:: THE DATA

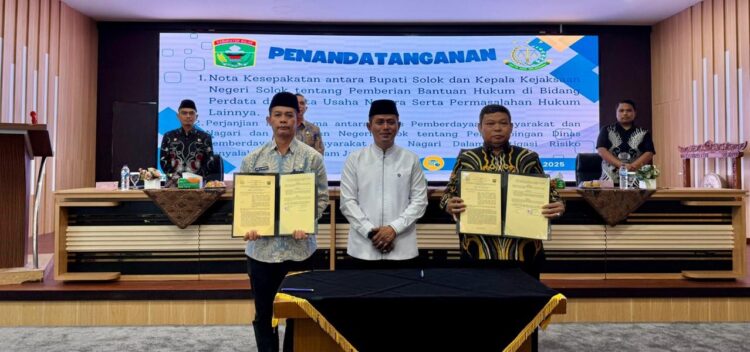 Penandatanganan MoU Antara Pemerintah Kabupaten Solok dan Kejaksaan Negeri Solok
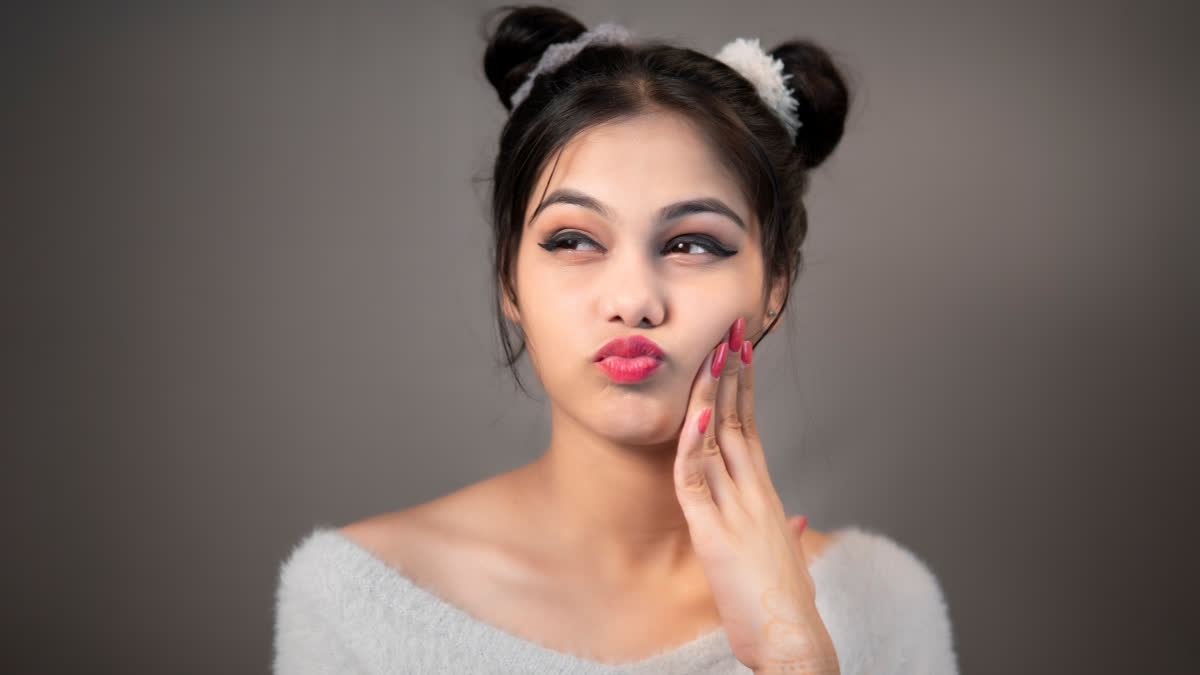 Explained: How To Pout? Mastering the Art of Pouting; Five Best Ways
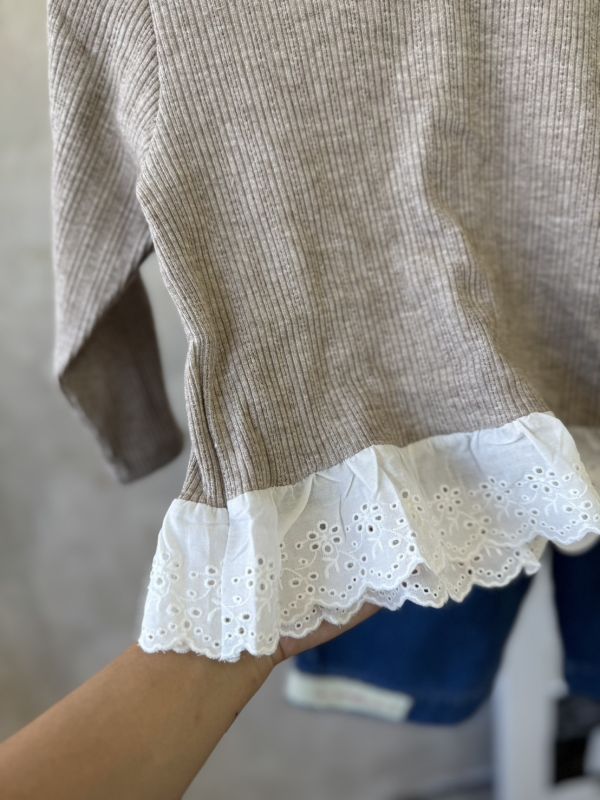 Oni蕾絲花邊卡其鉤花上衣 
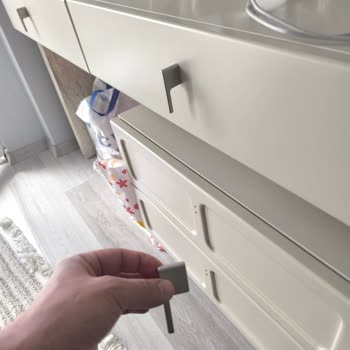 Mobilya Kalitesizliği Ve Teknik Destek Sorunu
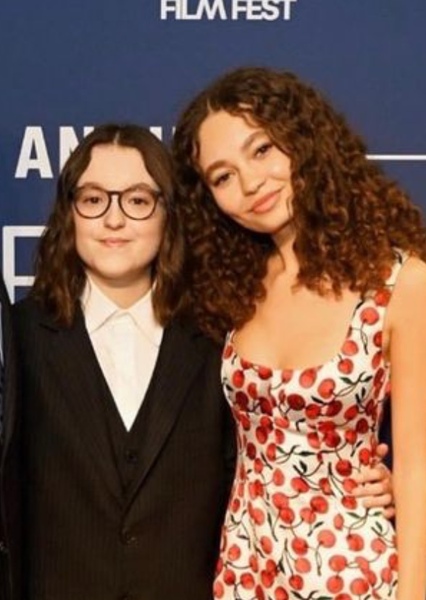 Nico Parker and Bella Ramsey photo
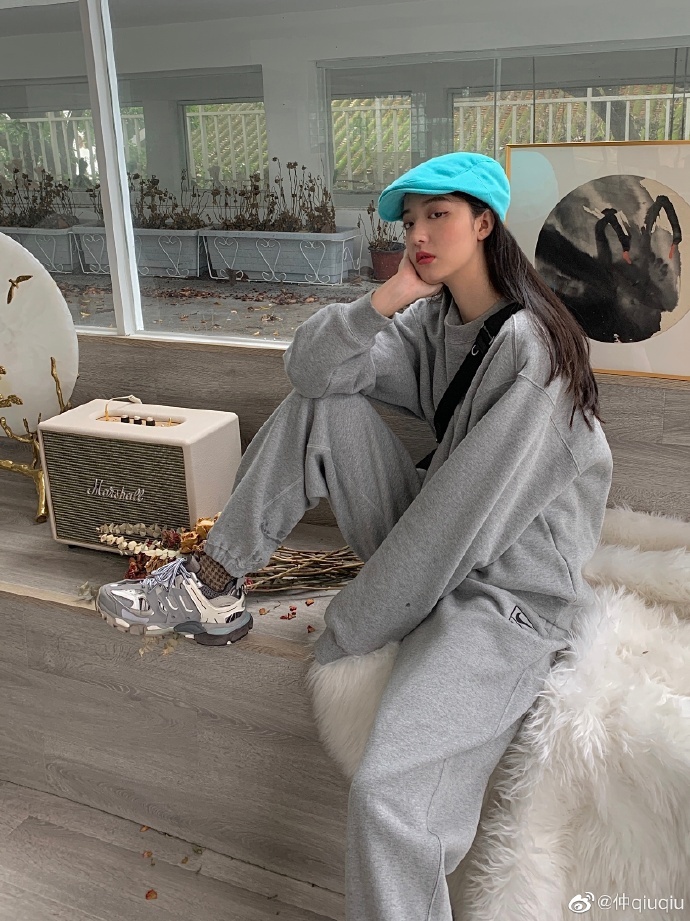 thiên thần bóng rổ cao 1, 78 m ảnh 7 thien than bong ro cao 1, 78 m anh 7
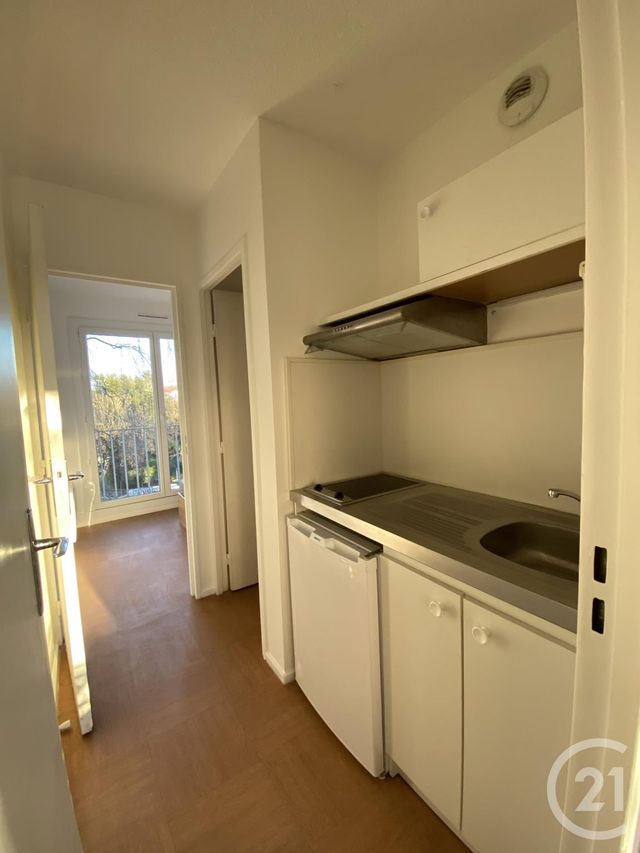 Appartement F2 à louer - 2 pièces - 30.87 m2 - PAU - 64 - AQUITAINE - Century 21 O.C.I. Immobilier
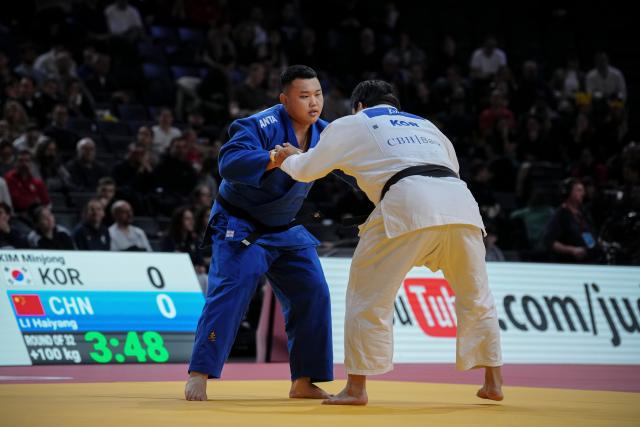 (260209) --  PARIS, Feb. 9, 2026 (Xinhua) -- China's Li Haiyang (L) and South Korean's Kim Minjong compete in the Men's +100kg category round of 32 match at the Grand Slam judo competition in Paris, France, on Feb. 8, 2026. (Photo by Aurelien Morissard/Xinhua)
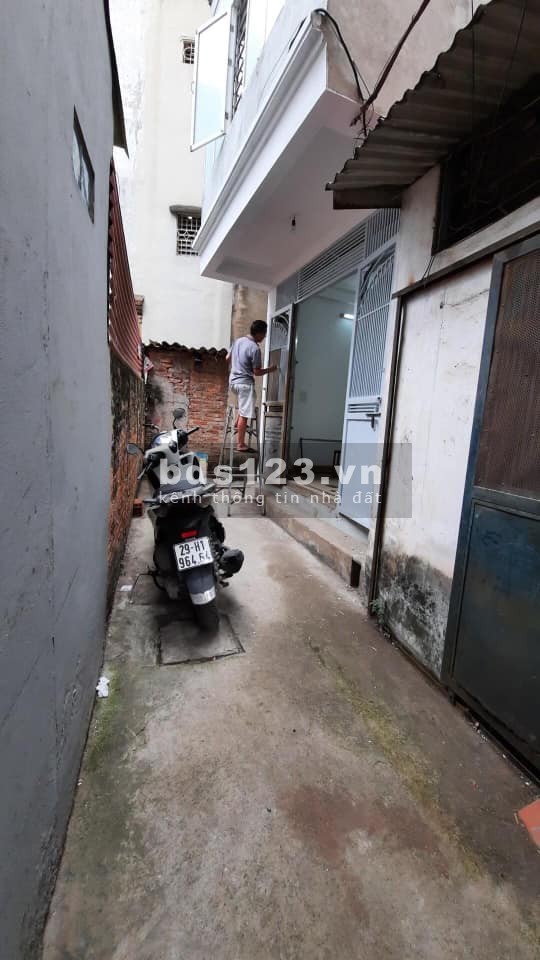 LÔ GÓC, CÁCH Ô TÔ TRÁNH 20M, ĐƯỜNG NGÕ TO CHO SH QUAY ĐẦU, NHÀ THOÁNG, SÁNG, GIÁ QUÁ HỜI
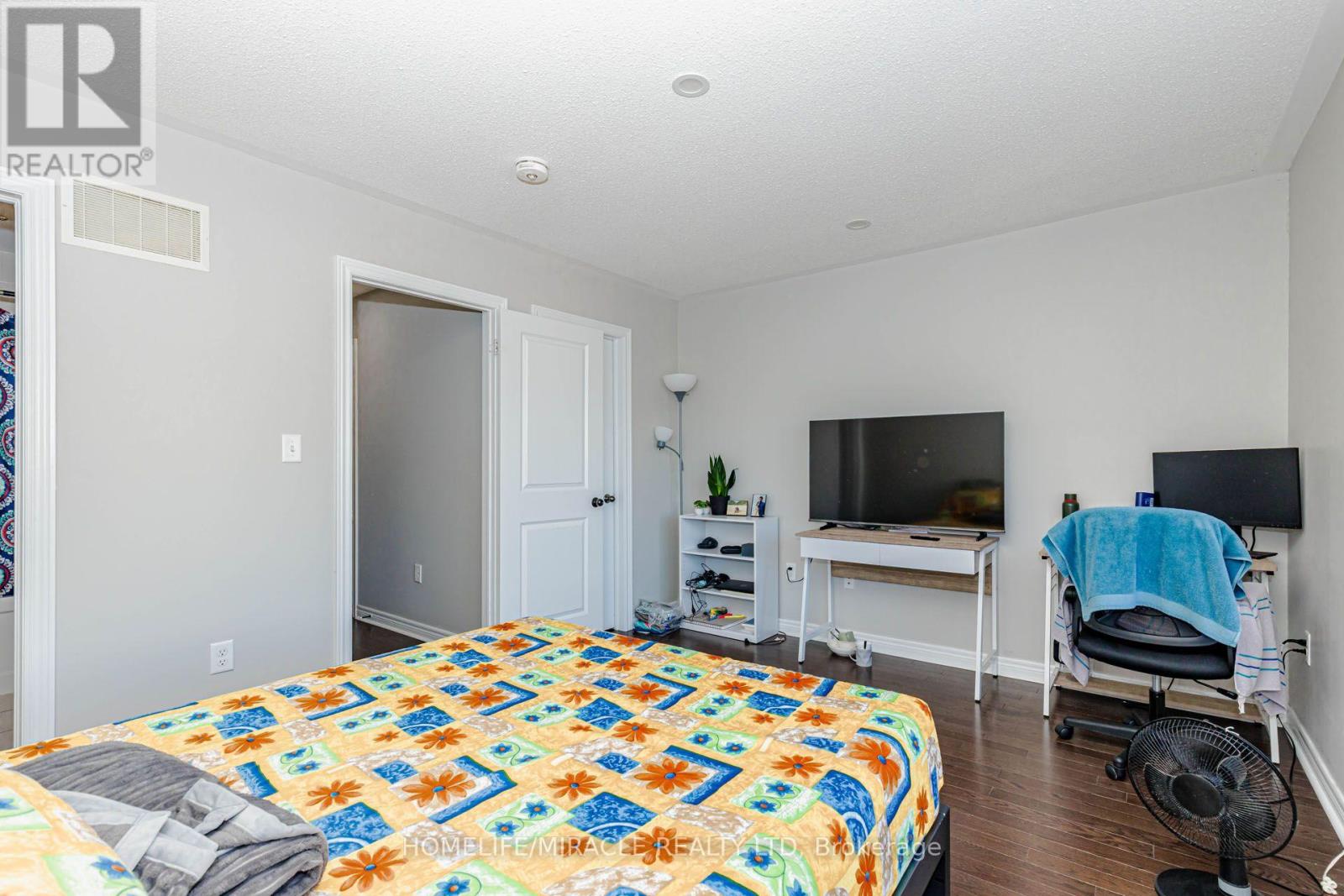 45 Padbury Trail, Brampton, Ontario  L7A 4V2 - Photo 32 - W13880612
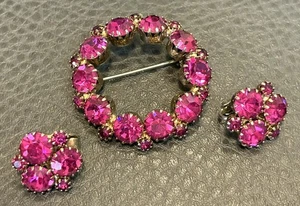 Vintage Fuchsia Bright Pink Rhinestone Gold Tone Wreath Brooch Earrings Set - Picture 1 of 9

::::

▸ **THE PROBLEM**
Copy every record above exactly, leaving out the pictures.

▸ **RESPONSE AREA**
 Penandatanganan MoU Antara Pemerintah Kabupaten Solok dan Kejaksaan Negeri Solok
 Explained: How To Pout? Mastering the Art of Pouting; Five Best Ways
 Oni蕾絲花邊卡其鉤花上衣 
 Mobilya Kalitesizliği Ve Teknik Destek Sorunu
 Nico Parker and Bella Ramsey photo
 thiên thần bóng rổ cao 1, 78 m ảnh 7 thien than bong ro cao 1, 78 m anh 7
 Appartement F2 à louer - 2 pièces - 30.87 m2 - PAU - 64 - AQUITAINE - Century 21 O.C.I. Immobilier
 (260209) --  PARIS, Feb. 9, 2026 (Xinhua) -- China's Li Haiyang (L) and South Korean's Kim Minjong compete in the Men's +100kg category round of 32 match at the Grand Slam judo competition in Paris, France, on Feb. 8, 2026. (Photo by Aurelien Morissard/Xinhua)
 LÔ GÓC, CÁCH Ô TÔ TRÁNH 20M, ĐƯỜNG NGÕ TO CHO SH QUAY ĐẦU, NHÀ THOÁNG, SÁNG, GIÁ QUÁ HỜI
 45 Padbury Trail, Brampton, Ontario  L7A 4V2 - Photo 32 - W13880612
 Vintage Fuchsia Bright Pink Rhinestone Gold Tone Wreath Brooch Earrings Set - Picture 1 of 9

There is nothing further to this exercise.